Monday, August 15, 2011

Update # 2

Hello everyone,

Thanks again for all your kind words and support.  The last few days have been an adventurous one.  The one thing I have learned so far is just when you think things are good, bad is just right around the corner.  Today is the 1 week mark from receiving my 1st chemo treatment and it has been a roller coaster ride.

Today I had my follow up appointment with my doc.  She needed to physically check me out as well as run blood work and talk to me about the meds and my next chemo appointment. Overall I had a good morning.  I think one of the toughest things about today's appointment was when I actually got in the elevator.  My appt is in a medical building which includes a children's center.   As I got in the elevator, a family joined me wheeling their special needs daughter onto the elevator.  She was laughing and giggling with such delight as if she didn't have any idea where she was going.  My heart broke and the tears flooded my eyes.  My cancer is hopefully curable but this child will be like this forever.  How can something so innocent and young be so ill but yet her spirit soared so high inside her.  At that moment, I felt silly that I felt so sorry for myself but yet felt so inspired by he positiveness.  

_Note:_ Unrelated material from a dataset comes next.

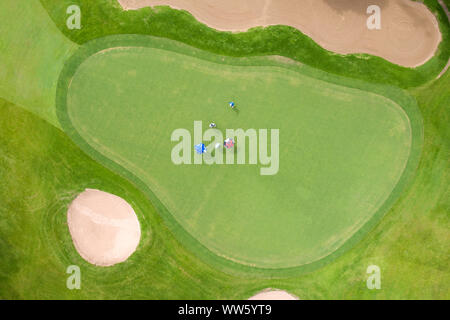 Vue aérienne de joueurs sur un green de golf. Golfeur jouant sur un vert d'un jour d'été. Banque D'Images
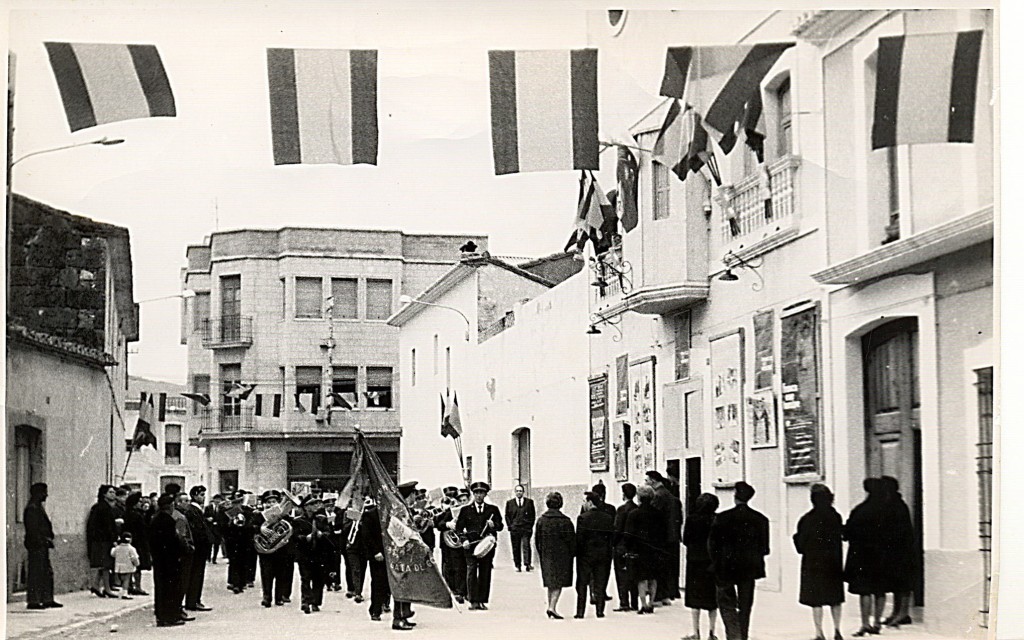 EL CINE BENÈFIC DE SETEMBRE OBRI HUI EL CENTENARI DEL CINE LA PAZ DE GATA (1925-2025) Quico “Sella”, El Ti Passetes, Paco Carrasco, Juan “el del cine”, germans Signes Grimalt. Cent anys de vivències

The appointment went well.  The doc checked me over and said everything looked good.  We discussed my next chemo treatment and she decided to move me to an afternoon session to see how my body reacts to the treatment.  The doctor wants to make it as nausea free as possible and I must admit, I do too.

I'm hoping this week will be on the up and up.  I plan to go back to work tomorrow and of course bring lots of munchies, water as well as sporting my new do.  This past Friday I cut 8 inches  off my hair and donated it to locks for love.  It was an emotional process but also liberating as well since most of you know I've had my long hair forever.  There is no way I would have cut my hair this short otherwise but I really had no choice.  I'll be cutting shorter later this week which I do believe will be the toughest cut and i did manage to purchase a wig in preparation of what is to come.

Cody is having a tough time with my shorter haircut and I worry how he will react to the wig.  He knows that mommy is sick and that doctor is working to get her better but how do I prepare him with all the changes in my appearance?  I'm looking into some cancer support groups and hopefully will find for moms with young kids. 

Again, I want to thank everyone for the support, encouragement, the meals and e-mails.  I'm hanging in there and although I don't want to wish the year away, I'm anxious to get this all over with and get the old Jen back.